» AVAILABLE DATA

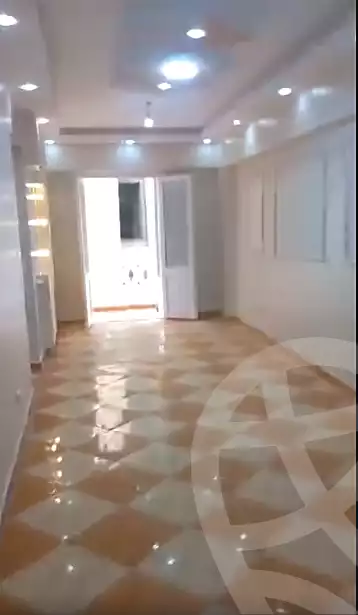 https://aqarmap.com.eg/en/listing/6980441-for-sale-alexandria-al-agamy-el-hanouvel
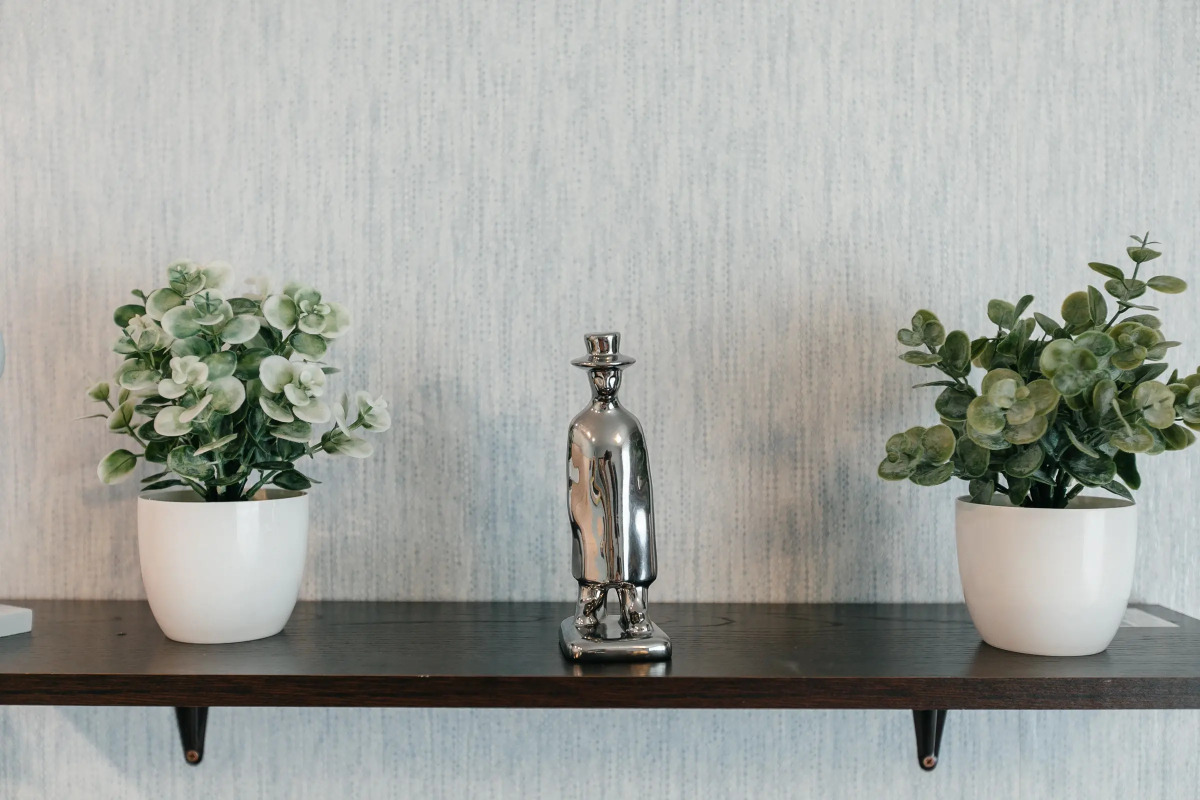 Апартаменты Yousinn Одоевского 1 корп9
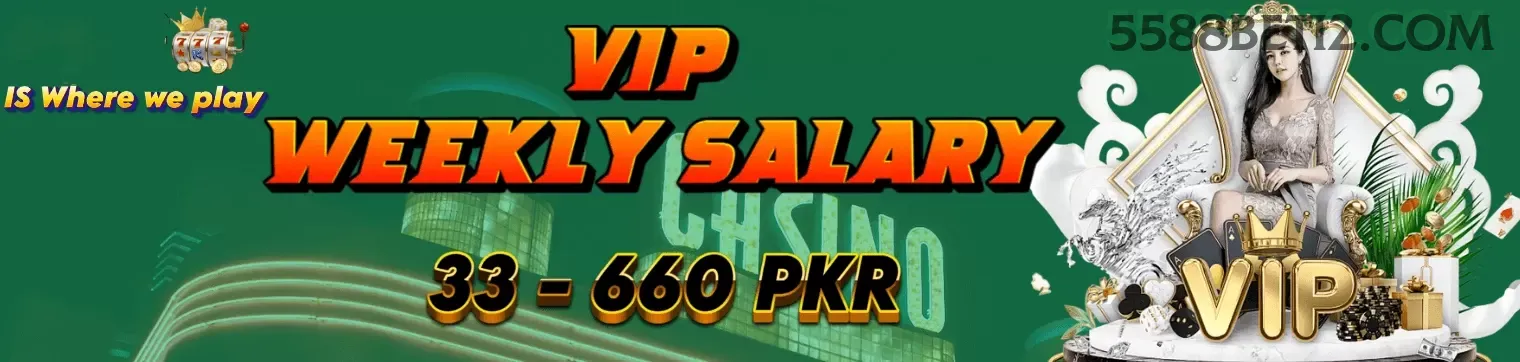 Aviator - Crash game popular na 5588bet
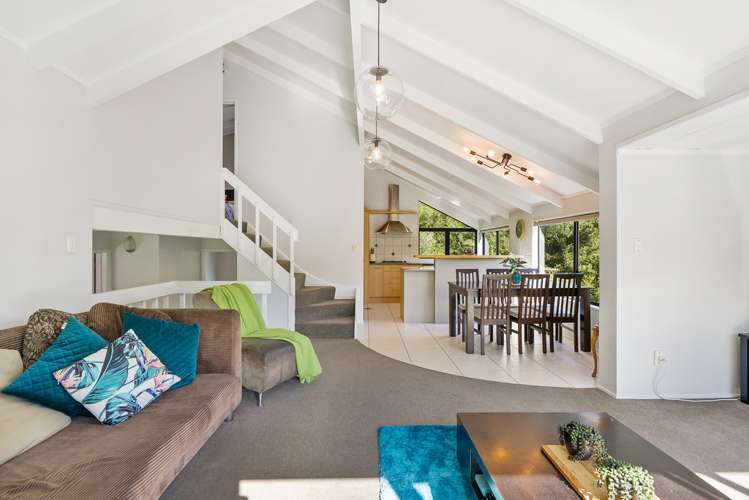 5 Hebe Place Birkenhead_4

» EXERCISE
From the line with "Aviator - Crash game popular na 5588bet" through the end of the listing, write out every line exactly, leaving out the pictures.

» SOLUTION FOR THIS PROBLEM
 Aviator - Crash game popular na 5588bet
 5 Hebe Place Birkenhead_4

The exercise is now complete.